El pasado 25 de noviembre falleció un gran amigo, a la vez que
excelente convecino; se trata, como sabréis, de Lorenzo Magdaleno, eterno Juez
de Paz y testigo vivo de la historia y curiosidades de Aldeavieja.
Echaré mucho de menos nuestras
conversaciones junto a la tapia de su huerto, al final de la calle Segovia y no
podré seguir gozando de su charla amena e inteligente sobre mil y una cosas.
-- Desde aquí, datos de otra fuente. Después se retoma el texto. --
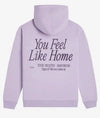 Back view of the Lonely Ghost Feel Like Home Light Purple Hoodie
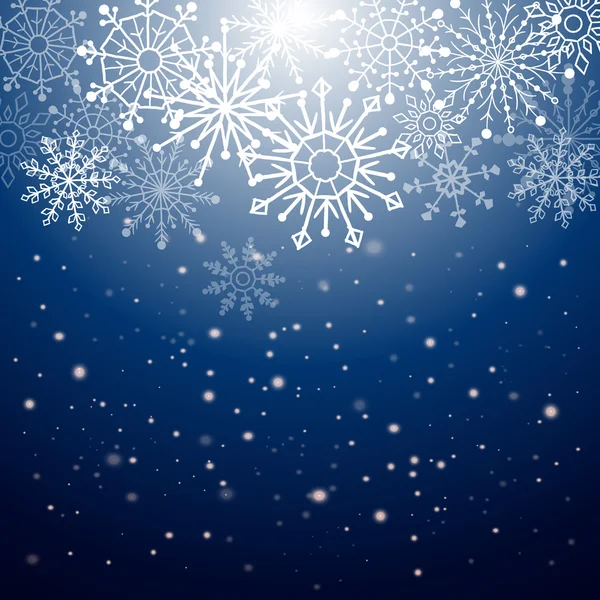 Inverno prata fundo abstrato. Natal com flocos de neve. Vetor . — Vetor de Stock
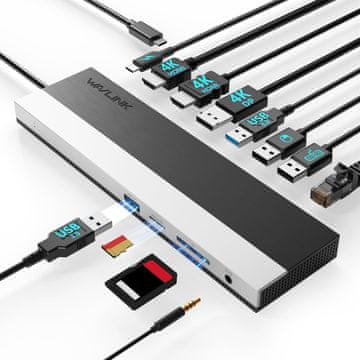 WAVLINK WAVLINK USB-C Docking Station 3 Monitore, Dual HDMI, DP, 100W PD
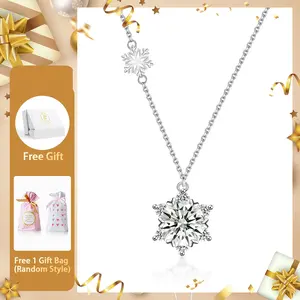 Moissanite 1-2ct Ice Crystal Snowflake Pendant Necklace Wedding Engagement Anniversary Romantic Elegant Gift Daily Wear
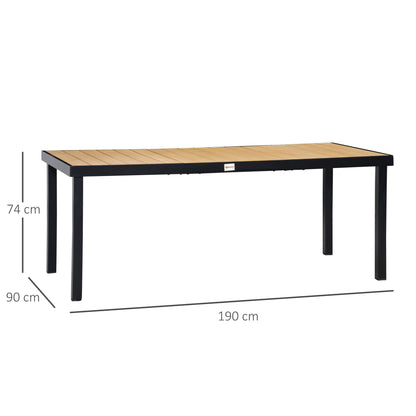 Aluminium Outdoor Garden Dining Table for 8 People, Faux Wood Top, for Garden, Patio, 190 x 90 x 74 cm, Natural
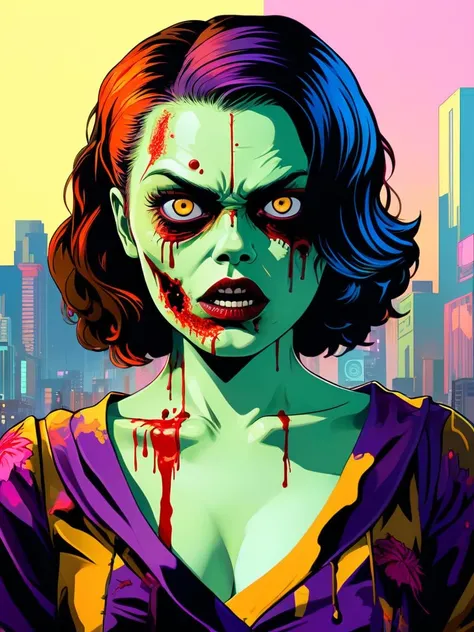 GTA-style artwork digital art, intricate background, (Female Zombie:1.2) , Producing a movie, Bathed in shadows, Neo-Dadaism Art, Film Washi, art by Ruan Jia, 1girl, solo, 4k, highly detailed <lora:FF-Midj-Top-v0565:1> <lora:FF-idle-WALLP:0.269> <lora:MidJ_Last_500_-_Experiment:0.19> <lora:FF-Midj-Last-v0563:0.11> <lora:FF-Midj-Top-v0564-FA-TX:0.34> <lora:FF-idle-ColorZ:0.269> . Satirical, exaggerated, pop art style, vibrant colors, iconic characters, action-packed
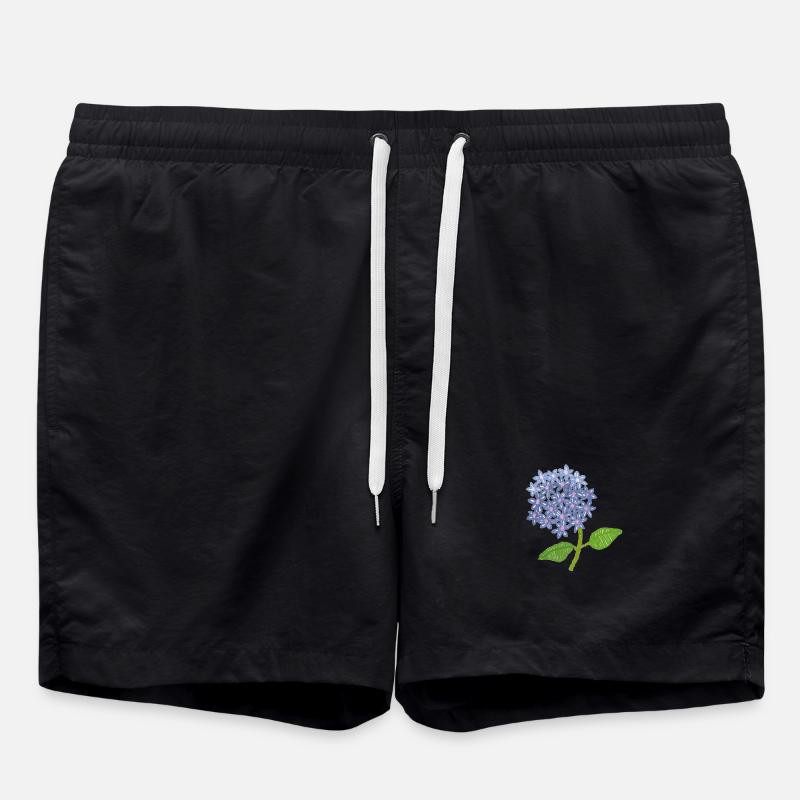 embroidered hydrangea - Swim Trunks - black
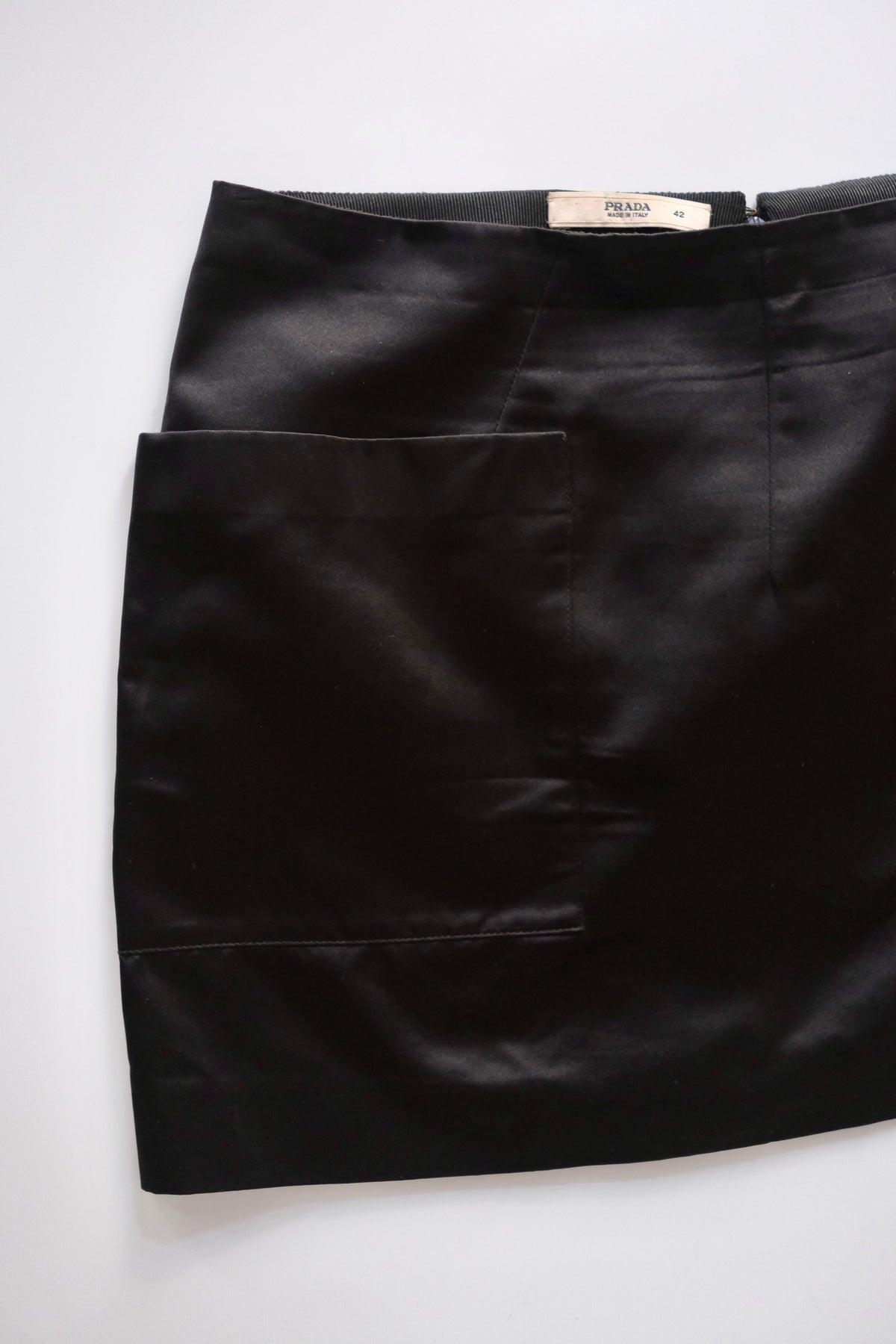 Prada SS 2008 black satin silk mini skirt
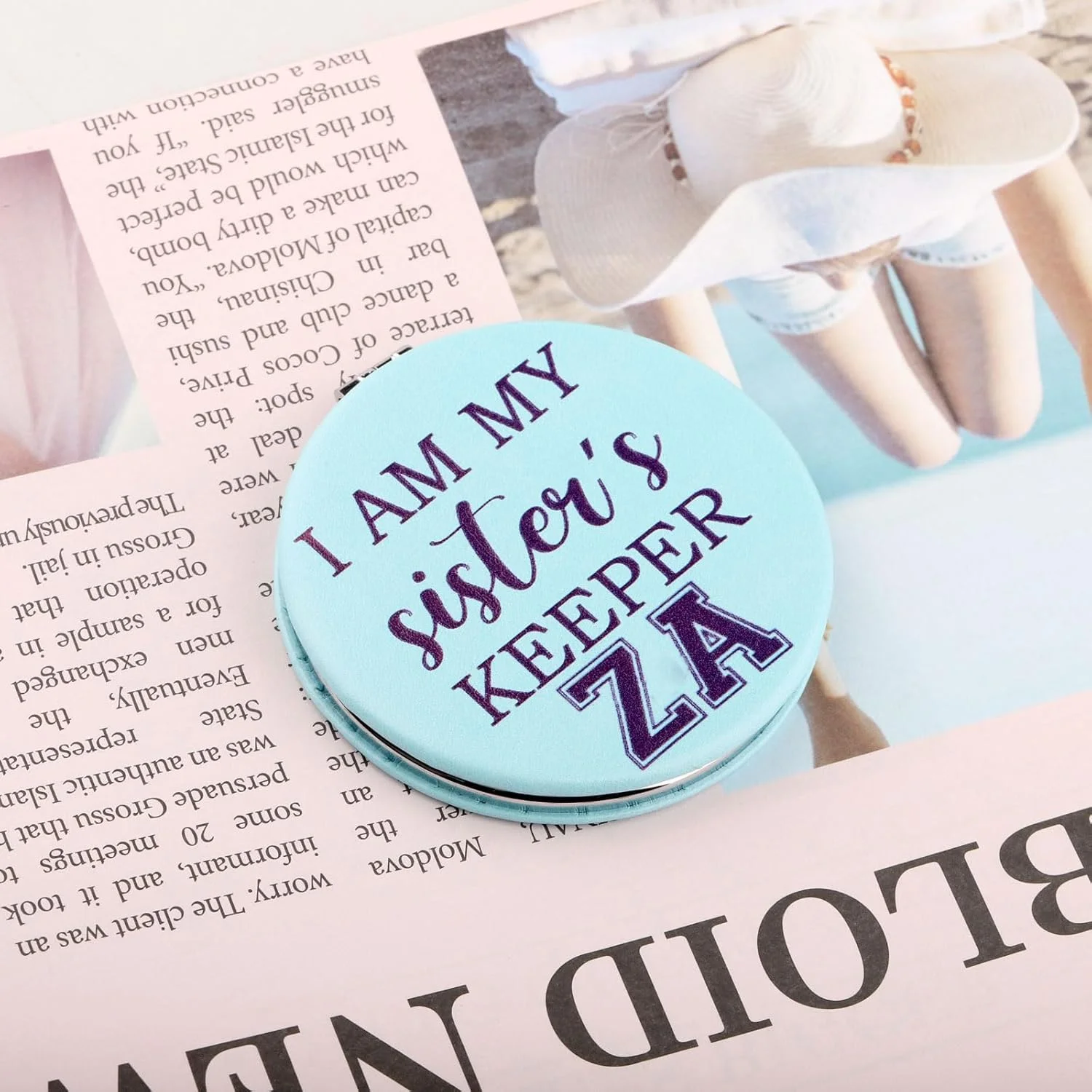 آینه آرایشی CHOORO Z Amicae، هدیه ای الهام گرفته از انجمن خواهرانه، آینه جیبی (Z Amicae -M)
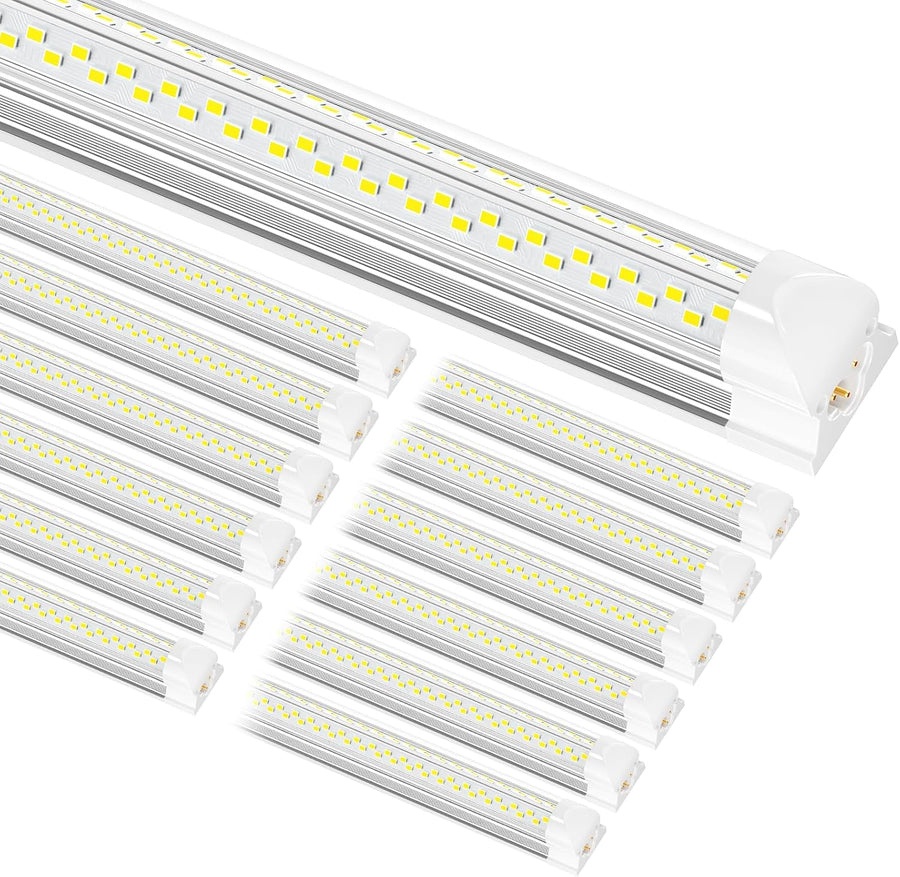 8ft LED Shop Light, 8' 100W 15000lm 6000K (12 Pk), 8 Foot Linkable led Shop Lights - $150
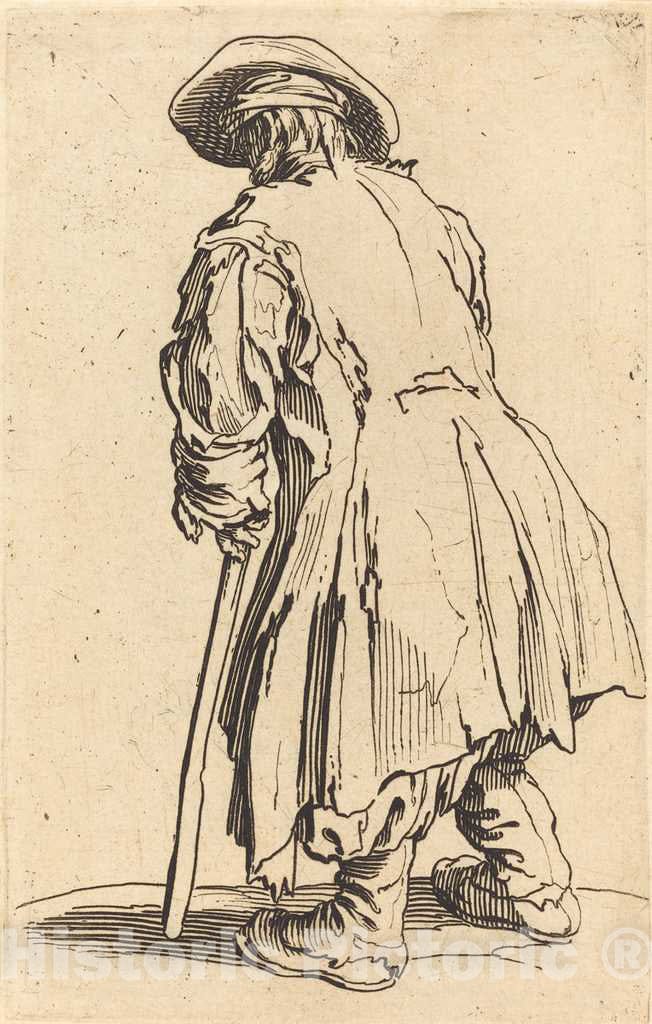 Art Print : Jacques Callot, Old Beggar with One Crutch, c. 1622 - Vintage Wall Art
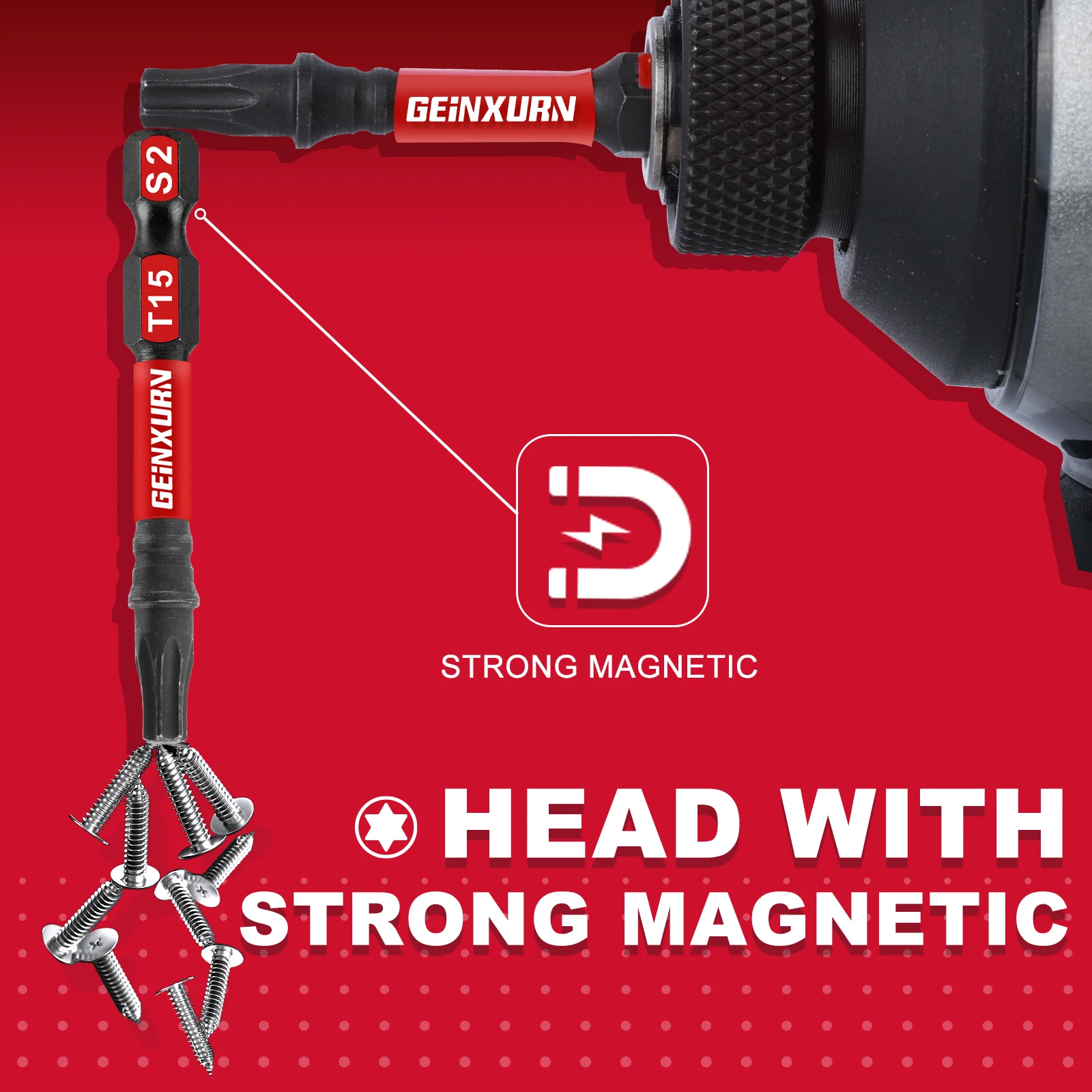 Geinxurn 2 In.Torx Head Power Impact Tough Magnetic Power Bit Set,S2 Alloy Steel Star T15 Screwdriver Bits Set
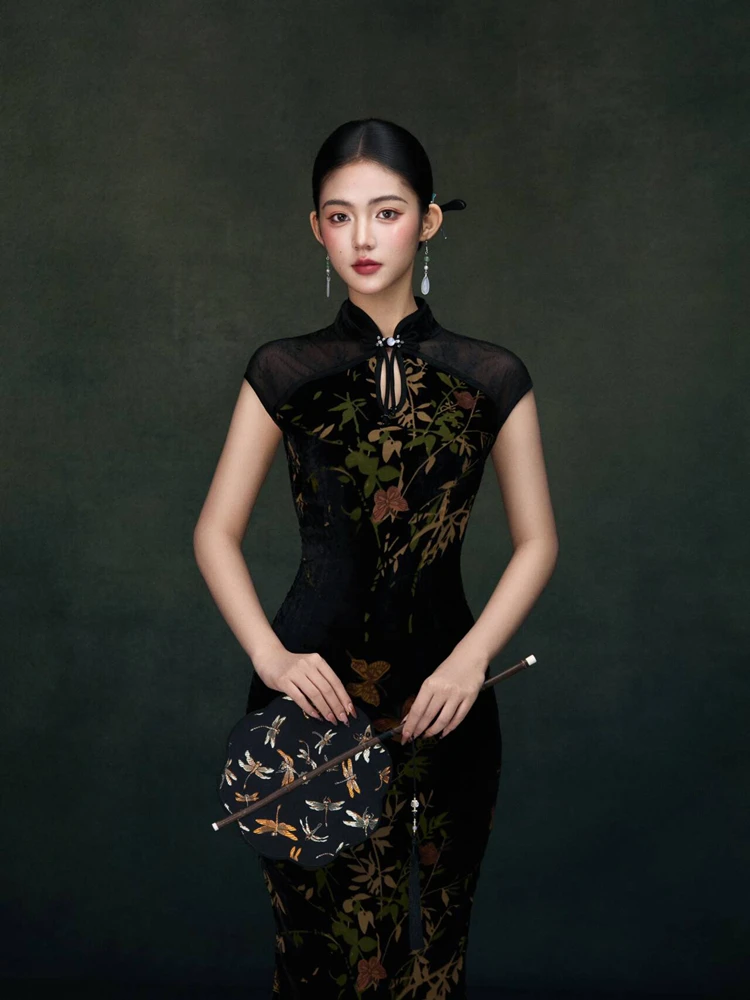 

Revised Photography Studio Artistic Atmosphere Sensation Black Color New Chinese Style Republic of China Lady Dress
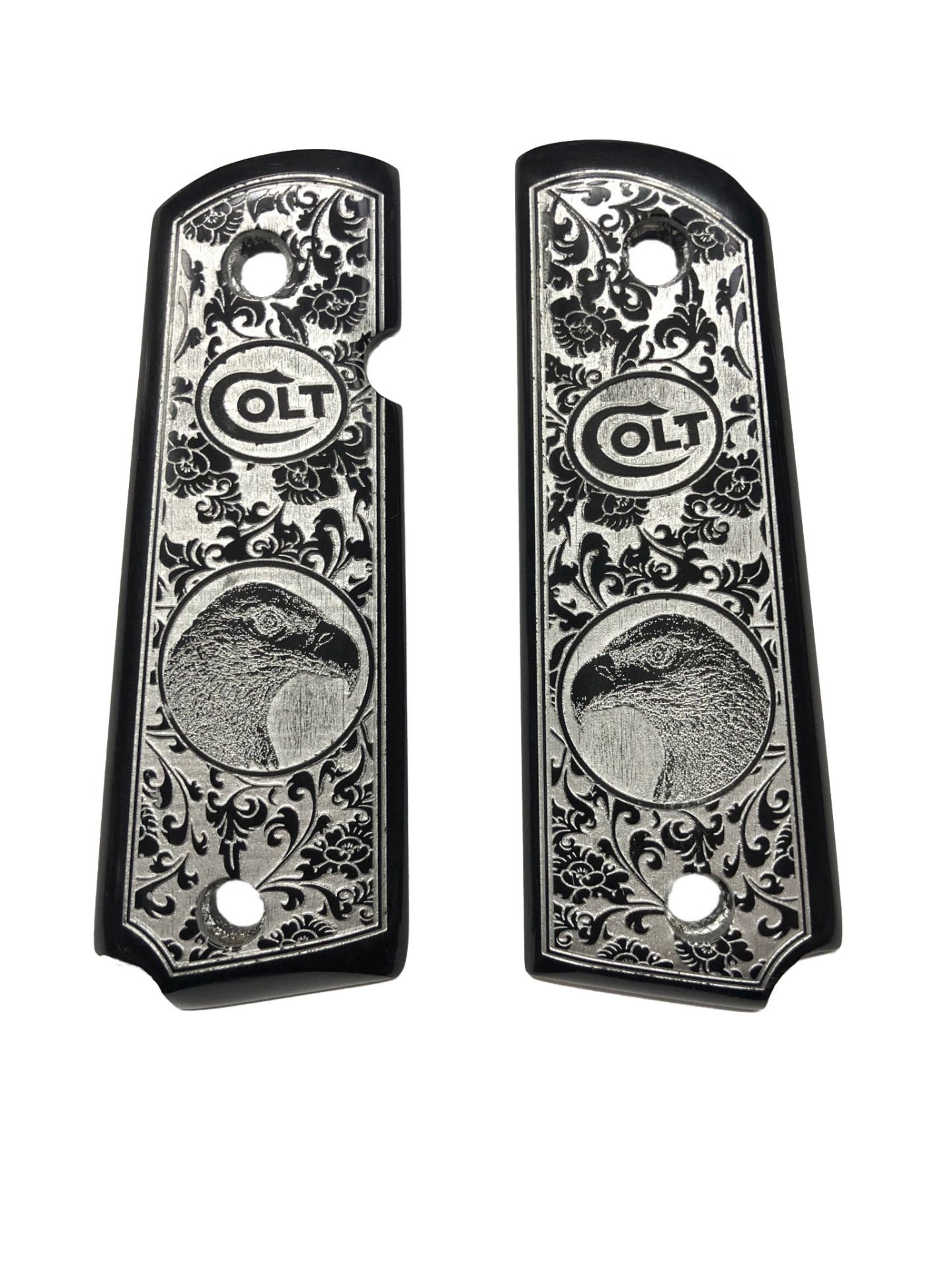 Colt 1911 Uyumlu Kartal Model Özel Desen Siyah Sedef Kabze Mod45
Solamente quiero evocar aquí la
primera vez que fui consciente de su presencia (hace ya más de cincuenta años),
iba yo con mi familia (mis padres y hermanos) con las bolsas de la comida
dispuestos a pasar un buen día de campo junto al caño del Valle; caminábamos
por el camino que, cruzando la carretera, salía a la izquierda del cementerio y
que bajaba hacia el lugar llamado “prado de las charcas” a la vera del arroyo
Tijera; antes de cruzar su pequeño cauce, a la derecha, había un prado y un
buen trozo de huerta que trabajaba Doroteo (padre de Lorenzo), junto con éste;
Doroteo y mi padre siempre habían congeniado y lo normal es que, al cruzarse,
se pararan los dos, cigarrillo colgando de los labios, para charlar de todo lo
humano y de lo divino a la vez que le comprábamos una lechuga para la ensalada
que acompañaría nuestra comida en las praderas; y, sí, aquella mañana estaban
los dos allí, junto al arroyo fabricando adobes con los que levantarían más
adelante la caseta que aún se encuentra junto a lo que fue el huerto; es una
imagen que se me quedó grabada en la mente y que me ha venido a la memoria
repetidas veces, contándosela una vez al propio Lorenzo, cuando él me recordaba
correteando de crío junto a su tío Emilio; Lorenzo me llevaba veinte años, y él
ya era un hombre hecho y derecho, serio y formal, que rememoró aquellos días y
que se sorprendió de que yo me acordara de aquellos adobes, mezcla de barro,
agua y paja que, una vez moldeados en unos cajetines hechos de tablas ponían a
secar en la ladera que subía hacia el Valle.
Cómo no recordar, también, aquel año
en que, por las fiestas del Cubillo, la primera o la segunda vez que se
programó el concurso de disfraces, se presentó él, único concursante de la
categoría de adultos individuales, con una farola y una botella, representando
la imagen de un borracho magistral; por supuesto, el primer premio fue para él.
Y me van viviendo a la memoria muchas
otras cosas, sus dos Mercedes con los que paseaba a sus nietos por las calles,
su maestría en cuanta obra de carpintería caía en sus manos, esa memoria para
recordar hechos y personas pasadas; su interés por todo lo que ocurría o había
ocurrido en el pueblo; su pequeño y variopinto museo de objetos antiguos que
había ido rescatando de obras, mudanzas y derribos; en fin, esa bonhomía que le
caracterizaba y de la que ya no podremos gozar.
Se podrían seguir contando numerosos
hechos y momentos de su vida y de los buenos ratos que muchos de nosotros, que
tuvimos la suerte de tratar con él, hemos pasado; simplemente desear que su
memoria no se borre de nuestras cabezas que es la mejor forma para que pueda
seguir viviendo en nuestros corazones.